The author of novels including the Hugo award-winning The Man in the High Castle, Do Androids Dream of Electric Sheep? and Minority Report, Dick died aged 53 in 1982. In 1974, recuperating from having had his wisdom teeth extracted and under the influence of sodium pentothal, the author had a series of visions in which a “pink light” beam of information transmitted directly into his consciousness; these “2-3-74” experiences would inform his writing for the rest of his life, and he would attempt to unravel them in the “Exegesis”.
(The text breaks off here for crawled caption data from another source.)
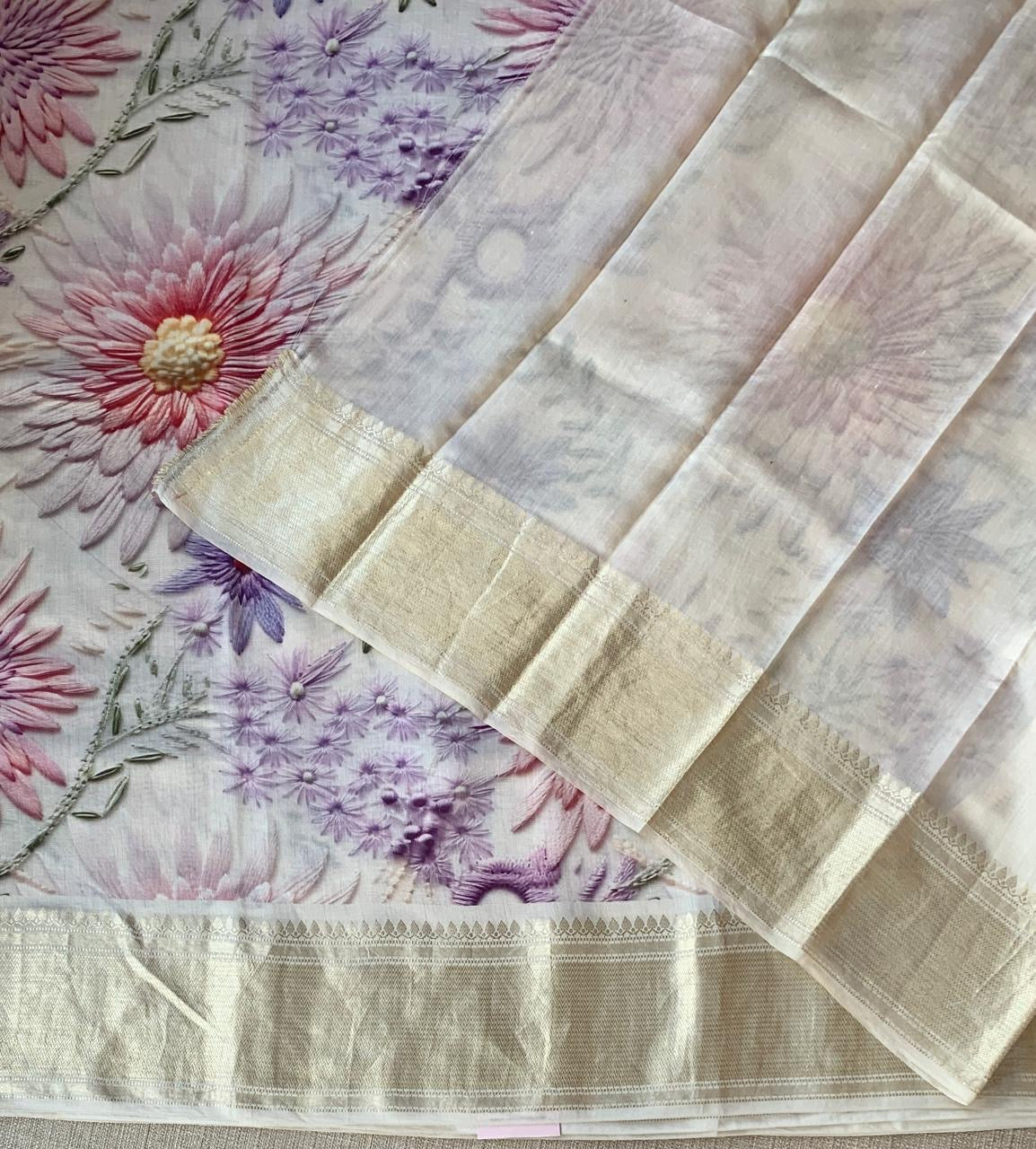 Ivory Pure Handloom Chiniya Silk Saree with stunning Floral Print and zari borders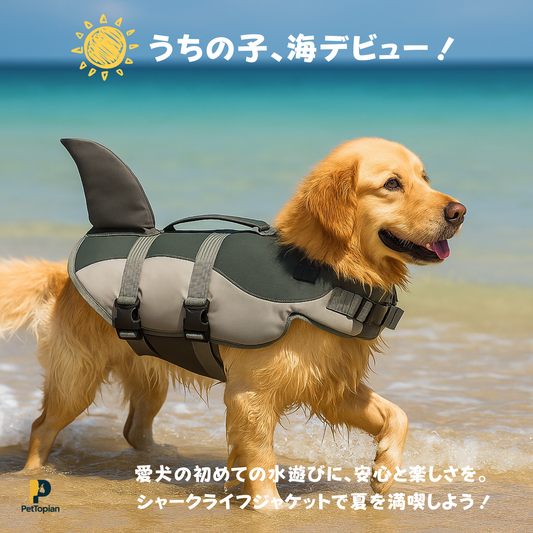 犬用ライフジャケット｜夏の水遊びに！マーメイド・サメデザイン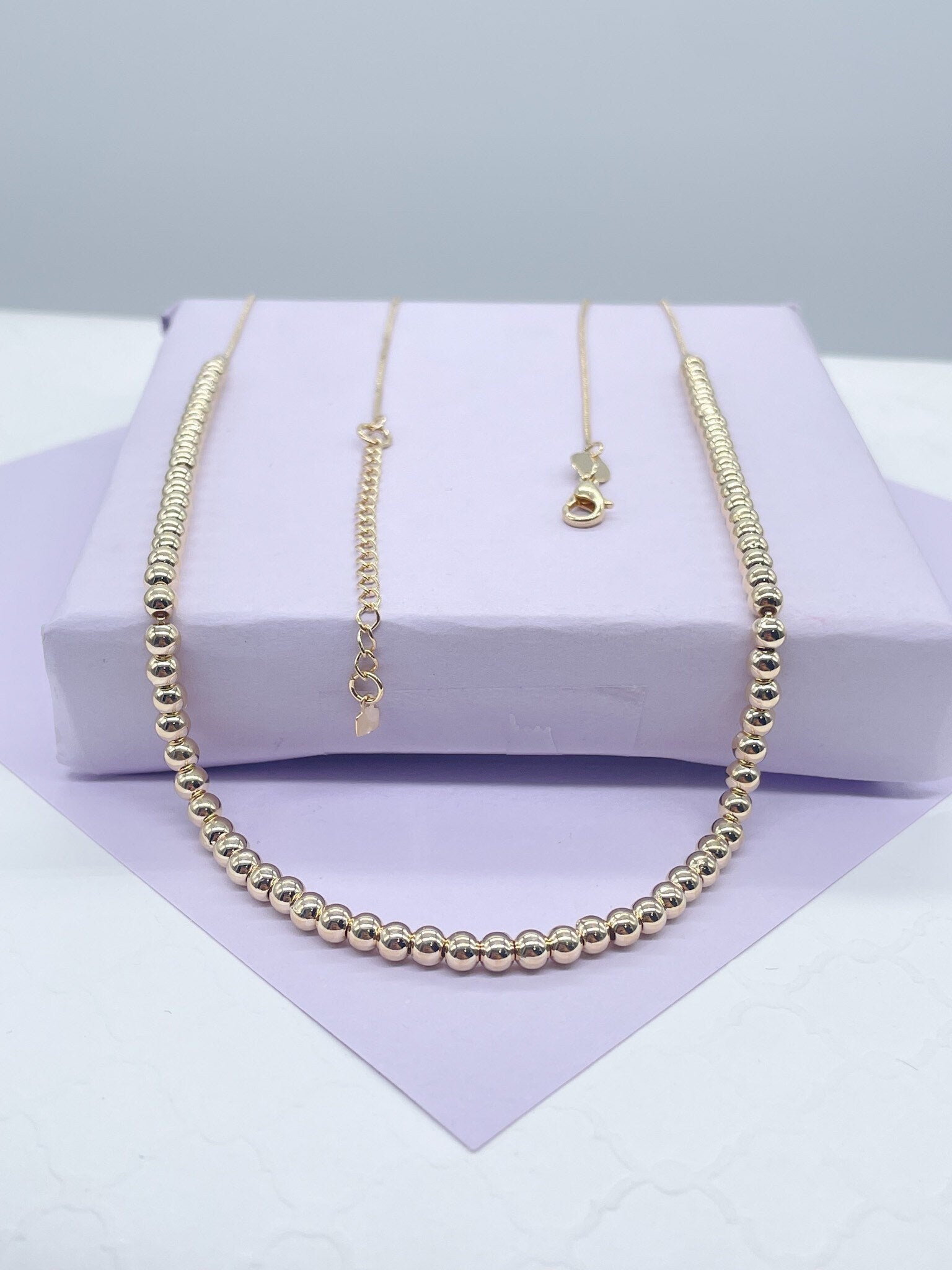 18k Gold Filled 4mm Beaded Necklace, Gold Ball Bead Chain Necklace,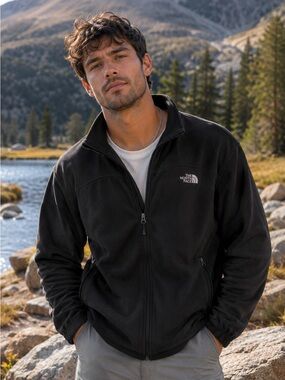 The North Face Men’s XL Black Full Zip Fleece Jacket Outdoor Hiking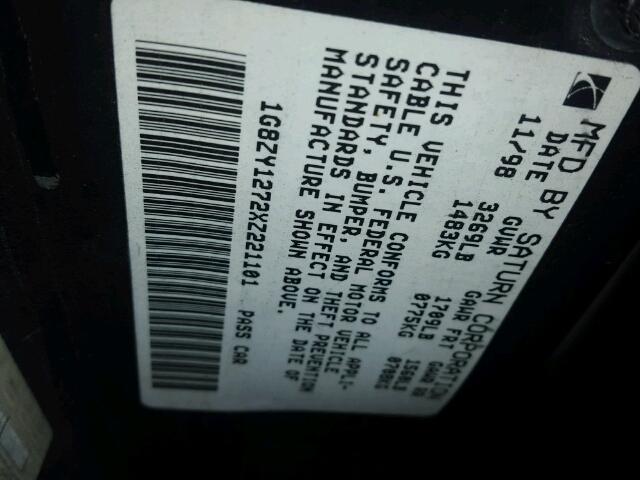 1G8ZY1272XZ221101 - 1999 SATURN SC2 GREEN photo 10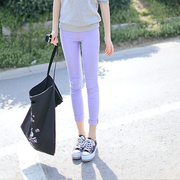 春季糖果色彩色韩国铅笔，裤显瘦弹力梭织九分女裤，打底裤k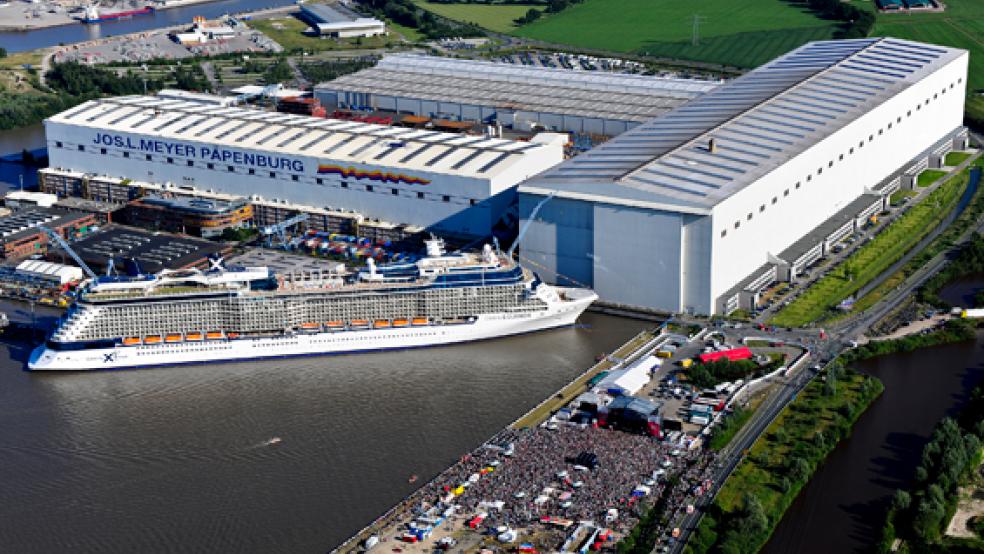 Die Meyer Werft schickt ihre Mitarbeiter wegen Unwetter ab heute Mittag vorzeitig nach Hause. © Foto: RZ-Archiv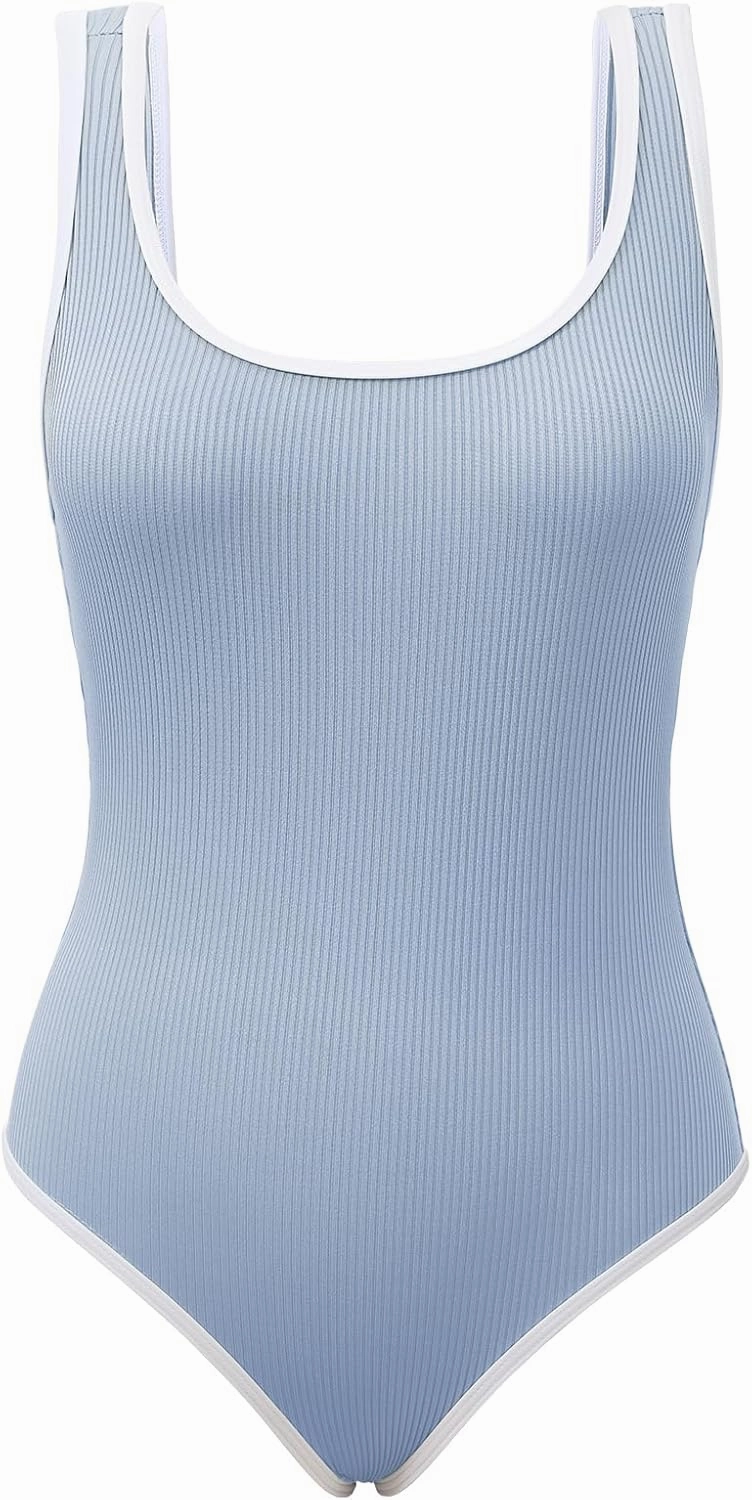 American Trends Women's Pink High Rise Solid One-Piece Swimsuit with Adjustable Strap and Pull On Closure
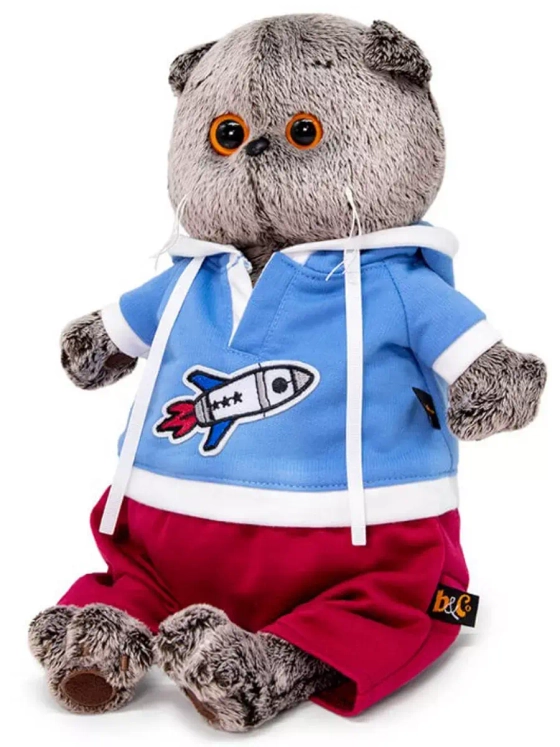 Мягкая игрушка Кот Басик в футболке с ракетой 22 см Ks22-179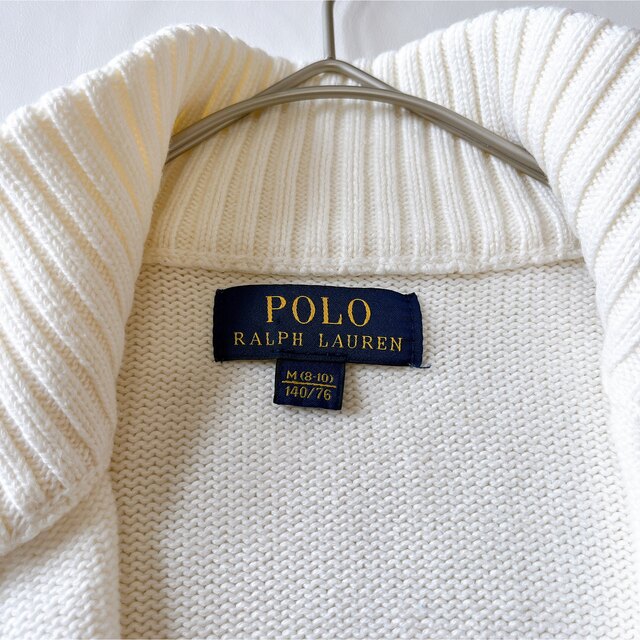 POLO RALPH LAUREN(ポロラルフローレン)の【美品】ポロラルフローレン　ジップアップパーカー　ニット　140 キッズ/ベビー/マタニティのキッズ服女の子用(90cm~)(ジャケット/上着)の商品写真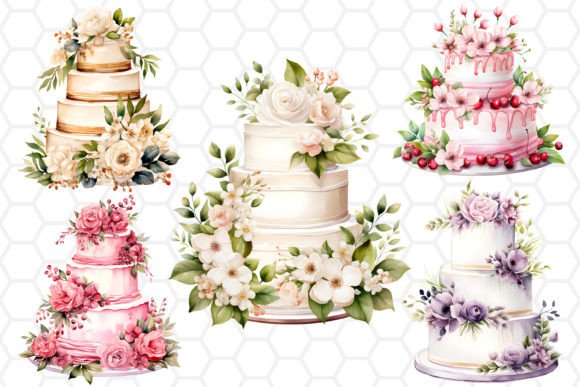 Watercolor Wedding Cake Clipart: 5 PNGs for Creative Design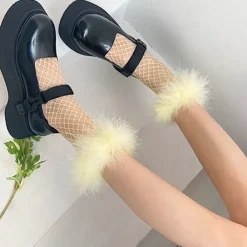 Socks*Boogzel Clothing Y2K Fluffy Net Socks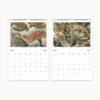 March and April spreads of 2025 calendar with Ernst Haeckel drawings of aquatic creatures in their natural habitat.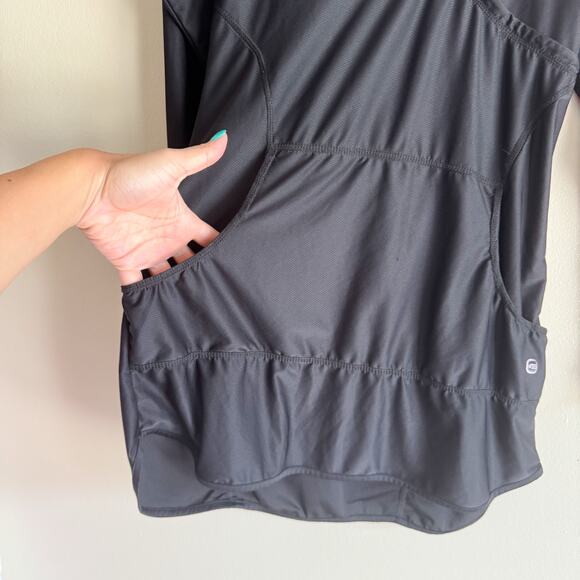 Free Country Black Long Sleeve Hooded Swimsuit Cover Up - Large - Picture 2 of 8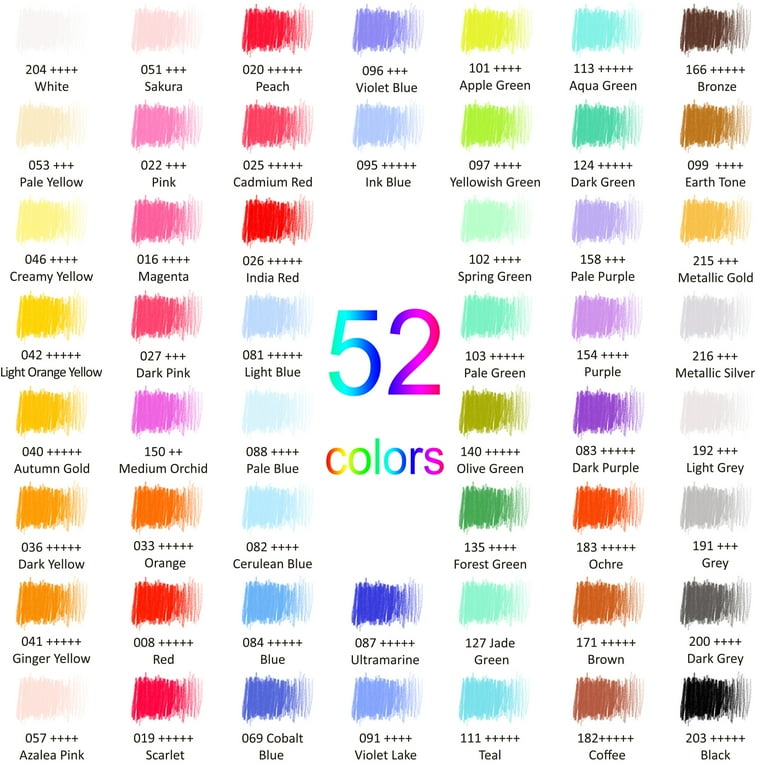 HIFORNY 55 Pack Colored Pencils Set, 52 Colors, Art and Sketching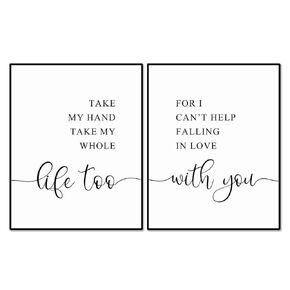 Take My Hand Take My Whole Life Too Wall Decor Romantic Lyrics Wall Art Print Bedroom Signs Love Lyrics Bedroom Decor, Set Of 2 Prints, 11x14inch Unframed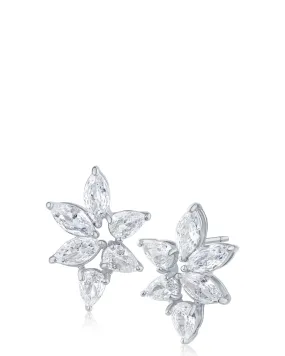 CZ Floral Cluster Earrings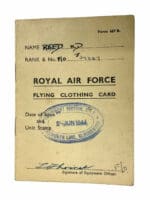 WW2 Canadian RCAF F/O Reed Flying Clothing Card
Although a selection from the mostly handwritten journal was published in 1991 as In the Pursuit of VALIS: Selections from the Exegesis, thousands of pages of Dick’s journal, including autobiographical material, philosophical speculation and analysis of his fiction, have not been published. The author’s daughters, Laura Leslie and Lisa Dick Hackett, said the publication of The Exegesis of Philip K Dick “has been a goal of ours for years”, and they were “thrilled” that US publishing giant Houghton Mifflin Harcourt (HMH) shared the goal, acquiring North American rights in the previously unpublished two-volume Exegesis with plans to bring out the first book next autumn.
The journals, which HMH’s Bruce Nichols said served “as the foundation for ideas and themes that would appear throughout the work of this visionary author”, will be edited by critically-acclaimed author and Dick expert Jonathan Lethem, along with Pamela Jackson, author of a PhD on 2-3-74 and Dick’s Exegesis.
“The title he gave it, ‘Exegesis,’ alludes to the fact that what it really was was a personal laboratory for philosophical inquiry. It’s not even a single manuscript, in a sense. It’s an amassing or a compilation of late-night all-night sessions of him taking on the universe, mano a mano, with the tools of the English language and his own paranoiac investigations,” Lethem told the New York Times . “It’s absolutely stultifying, it’s brilliant, it’s repetitive, it’s contradictory. It just might contain the secret of the universe.”
HMH also snapped up rights in 39 titles from Dick’s backlist, which it will publish in autumn 2011. Nichols said the author’s books were “as provocative and cutting-edge today as ever” and that “each generation wants to claim him as its own”.